How to Train a ML Model to Defeat APT Cyber Attacks
Fuchikoma v0: the baby years
The thought experiment Fuchikoma v0 model gave insight into the four main challenges when designing a threat hunting ML model: having a weak signal, imbalanced data sets, a lack of high-quality data labels, and the lack of an attack storyline.
Fuchikoma v1: entering childhood
Fuchikoma v1 resolved the first challenge: having a weak signal. An analysis unit (AU) builder was introduced into the ML pipeline; each process creation event was altered into an AU–a mini process tree that links the original process creation event to its parent and three tiers of child processes. TF-IDF was used for vectorization of the command lines of the processes into the Unit2Doc. Now that each event had useful and contextual information as an AU, ML algorithms could group similar AUs into clusters, leaving our investigators with significantly less labeling to be done. Unfortunately, k-means (the chosen ML algorithm) wasn’t enough on its own. While clustering may yet prove to be useful, highlighting outliers was chosen as it could address some of the drawbacks of clustering. It was decided that Fuchikoma v2 would need more components to its pipeline.
Fuchikoma v2: fighting its way through hormones and high school
As discussed in Part 3, only 1.1 percent of the process creation events in our dataset were malicious. Since the number of attack activities is an incredibly low percentage of one day’s total events, C.K. Chen and team reasoned malicious activities would be abnormal compared to other activities.
Therefore, an anomaly detection component was applied to find the most abnormal AUs. Different algorithms specializing in anomaly detection were implemented: Local Outlier Factor (LOF), IsolationForest (IF), and DBScan.
LOF (Local Outlier Factor) is essentially a score that tells how likely a particular data point is an outlier/anomaly (or in Fuchikoma’s terms, malicious). More specifically, LOF measures the local deviation of the density of a given sample with respect to its neighbors. Samples that have a substantially lower density than their neighbors are considered outliers.

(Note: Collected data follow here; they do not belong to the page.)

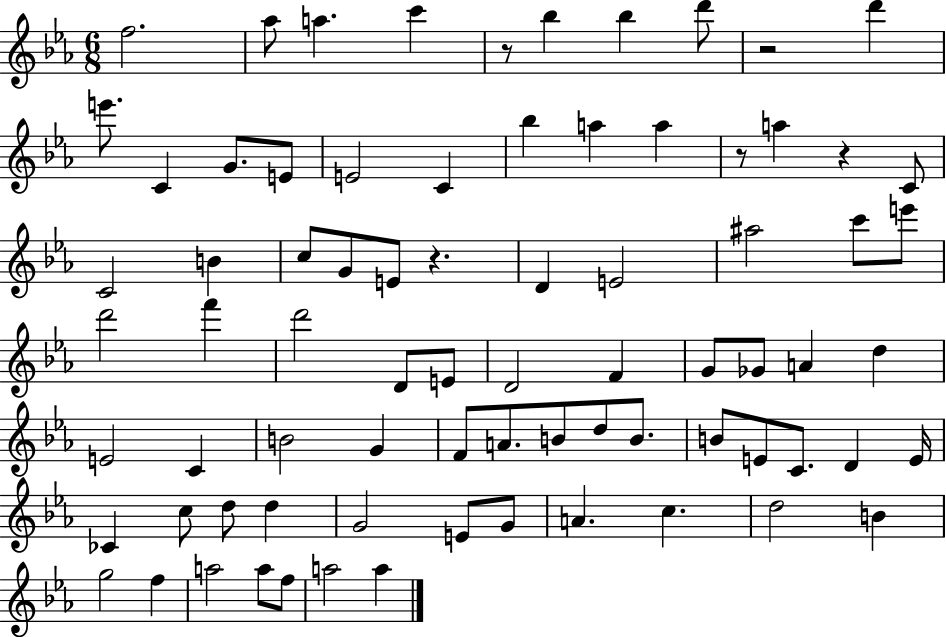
X:1
T:Untitled
M:6/8
L:1/4
K:Eb
f2 _a/2 a c' z/2 _b _b d'/2 z2 d' e'/2 C G/2 E/2 E2 C _b a a z/2 a z C/2 C2 B c/2 G/2 E/2 z D E2 ^a2 c'/2 e'/2 d'2 f' d'2 D/2 E/2 D2 F G/2 _G/2 A d E2 C B2 G F/2 A/2 B/2 d/2 B/2 B/2 E/2 C/2 D E/4 _C c/2 d/2 d G2 E/2 G/2 A c d2 B g2 f a2 a/2 f/2 a2 a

IF (IsolationForest) isolates each point in a data set and splits them into outliers or inliers (anomalous or normal). This split depends on how long it takes to separate the points. Outliers should be easier to separate since fewer conditions are needed to separate them from inliers. IF could be useful for huge data sets of multiple dimensions, such as Fuchikoma’s.
DBScan (Density-Based Spatial Clustering and Applications with Noise) groups together points that are close to each other based on a distance measurement and a minimum number of points. DBScan is especially useful for data that contains clusters of similar density, such as Fuchikoma’s benign clusters. DBScan also highlights outliers in low-density regions, which helps Fuchikoma locate those pesky malicious events even accurately.
Some false alerts might still occur and need manual analysis; however, benign clusters, the larger group in our dataset (98.9 percent), should no longer need to be investigated. This would significantly reduce the investigating team’s workload and have the added benefit of resolving the second challenge, imbalanced data sets, as the investigators would now only be labeling a small set of abnormal data.
The results were encouraging.
IF was the terrible first date. LOF met your friends. DBScan met your parents–the keeper.
As mentioned in Part 2 of this series, the goal of CyCraft APT Emulator (CyAPTEmu) is to generate attacks on Windows machines in a virtualized environment. CyAPTEmu will send two waves of attacks; each utilizing a different pre-constructed playbook. Empire was used to run the first playbook, modeled after APT3. Metasploit was used to run the second playbook, which C.K. and team called Dogeza.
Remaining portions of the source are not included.